# Burris Fast Fire



## Darrell H (May 1, 2010)

Anybody here using a Burris Fast Fire II on their hunting rigs?  I have two of them; one on an 8" Bullberry .22 LR and just recently I mounted one on my .44 Mag S&W "slabside" revolver.  They are VERY compact red-dot sights.  Just wondering how they will hold up to the rigors of hunting?


----------



## ATLRoach (May 3, 2010)

Darrel I like the setup. Let us know how it survives.


----------



## gblrklr (May 3, 2010)

I have one mounted on my son's 12 gauge 3.5" magnum Beretta and he shoots 2 7/16 oz. turkey loads through it with no problems.


----------



## snook24 (May 3, 2010)

Hope there good im about to put one on my glock for hog hunting. Hope theres more input on this Id love to hear about it.


----------



## Win1917 (May 5, 2010)

+1, I've been wanting to put one on my hunting pistol too. At close range in the woods I find a regular pistol scope is tough to use.


----------



## Darrell H (May 5, 2010)

Thanks for the comments gentlemen.  I'll give the Burris a good work out this summer with the .44 Mag.  Then I'll see how it holds up to dust, rain, etc. during deer season.


----------



## Junior_357 (May 15, 2010)

Subscribing to this...been consider this for my future purchase of a Beretta CX4 carbine.

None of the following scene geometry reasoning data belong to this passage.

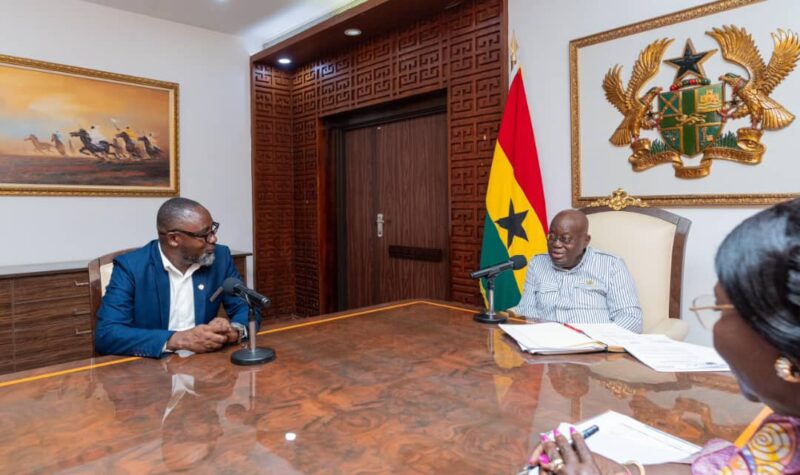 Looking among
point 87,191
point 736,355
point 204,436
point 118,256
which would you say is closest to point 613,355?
point 736,355

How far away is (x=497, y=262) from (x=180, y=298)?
181 cm

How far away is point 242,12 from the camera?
13.8ft

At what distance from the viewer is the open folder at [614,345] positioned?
1.35m

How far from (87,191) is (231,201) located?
1184mm

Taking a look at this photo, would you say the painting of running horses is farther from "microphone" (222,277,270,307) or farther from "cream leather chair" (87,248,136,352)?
"microphone" (222,277,270,307)

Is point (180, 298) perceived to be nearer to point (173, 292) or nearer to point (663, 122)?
point (173, 292)

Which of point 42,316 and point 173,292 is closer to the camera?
point 173,292

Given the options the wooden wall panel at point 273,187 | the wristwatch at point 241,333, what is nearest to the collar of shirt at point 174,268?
the wristwatch at point 241,333

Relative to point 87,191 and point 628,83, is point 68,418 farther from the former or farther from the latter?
point 87,191

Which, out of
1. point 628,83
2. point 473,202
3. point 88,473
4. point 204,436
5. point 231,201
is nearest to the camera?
point 88,473

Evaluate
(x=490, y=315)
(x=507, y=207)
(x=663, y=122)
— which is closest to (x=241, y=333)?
(x=490, y=315)

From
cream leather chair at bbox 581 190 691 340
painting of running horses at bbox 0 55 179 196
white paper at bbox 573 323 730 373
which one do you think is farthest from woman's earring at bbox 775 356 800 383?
painting of running horses at bbox 0 55 179 196

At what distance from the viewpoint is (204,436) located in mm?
956

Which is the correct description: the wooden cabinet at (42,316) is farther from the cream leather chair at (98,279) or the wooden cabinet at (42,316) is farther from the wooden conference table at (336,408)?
the wooden conference table at (336,408) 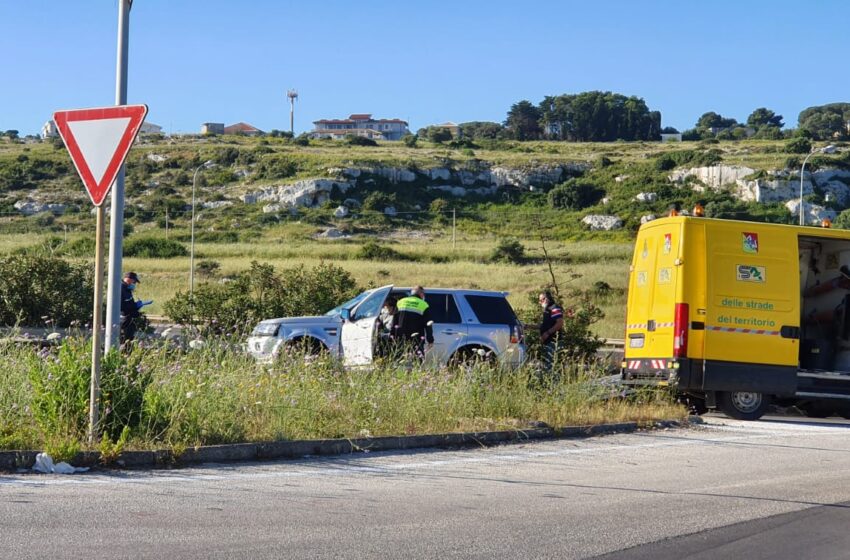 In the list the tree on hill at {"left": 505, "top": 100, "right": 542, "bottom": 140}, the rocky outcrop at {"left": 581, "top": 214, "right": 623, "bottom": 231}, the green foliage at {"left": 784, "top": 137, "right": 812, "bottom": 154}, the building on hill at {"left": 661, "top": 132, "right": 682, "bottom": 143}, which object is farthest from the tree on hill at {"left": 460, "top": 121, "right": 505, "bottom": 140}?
the rocky outcrop at {"left": 581, "top": 214, "right": 623, "bottom": 231}

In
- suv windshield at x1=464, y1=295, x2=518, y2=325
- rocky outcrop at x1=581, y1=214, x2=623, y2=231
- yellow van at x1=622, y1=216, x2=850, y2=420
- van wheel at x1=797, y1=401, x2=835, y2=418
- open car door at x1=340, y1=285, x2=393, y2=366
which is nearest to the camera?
yellow van at x1=622, y1=216, x2=850, y2=420

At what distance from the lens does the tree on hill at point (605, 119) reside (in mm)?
137750

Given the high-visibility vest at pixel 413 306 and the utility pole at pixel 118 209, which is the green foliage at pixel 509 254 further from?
the utility pole at pixel 118 209

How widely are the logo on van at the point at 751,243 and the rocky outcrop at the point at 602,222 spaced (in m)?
61.0

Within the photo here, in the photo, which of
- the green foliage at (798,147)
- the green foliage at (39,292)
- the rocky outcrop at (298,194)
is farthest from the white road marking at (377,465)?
the green foliage at (798,147)

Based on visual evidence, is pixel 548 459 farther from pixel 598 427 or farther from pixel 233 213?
pixel 233 213

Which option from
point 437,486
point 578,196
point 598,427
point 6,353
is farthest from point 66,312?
point 578,196

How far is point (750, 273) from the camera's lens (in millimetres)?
15344

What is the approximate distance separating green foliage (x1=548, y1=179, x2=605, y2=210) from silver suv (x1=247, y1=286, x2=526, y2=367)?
227 feet

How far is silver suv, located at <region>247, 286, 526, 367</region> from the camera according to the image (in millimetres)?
16953

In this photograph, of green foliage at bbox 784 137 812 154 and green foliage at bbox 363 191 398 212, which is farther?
green foliage at bbox 784 137 812 154

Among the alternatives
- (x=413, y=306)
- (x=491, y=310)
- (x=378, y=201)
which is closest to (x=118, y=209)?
(x=413, y=306)

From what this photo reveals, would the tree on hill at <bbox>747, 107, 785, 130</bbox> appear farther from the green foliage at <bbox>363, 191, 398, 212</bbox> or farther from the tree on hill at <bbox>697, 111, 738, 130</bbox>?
the green foliage at <bbox>363, 191, 398, 212</bbox>

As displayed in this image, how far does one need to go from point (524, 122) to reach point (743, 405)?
136409 mm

I have heard the the FastFire II's hold up much better than the originals, since the electronics are completely sealed.  But I have no first hand knowledge...yet.


----------



## Forkhorn (May 27, 2010)

Darrell, 

You been able to shoot that .44 setup yet? Wondering how the Fast Fire would hold up to the recoil. Thinking about mounting one on my Contender .44 barrell.


----------



## Darrell H (May 31, 2010)

Forkhorn,

So far, I've put about 100 rounds through the .44 Mag after mounting the Fast Fire without any problems.  I'm liking it so far.


----------



## Gentleman4561 (Jun 2, 2010)

I thought about putting the speed bead on my shotgun.  They seem real nice.


----------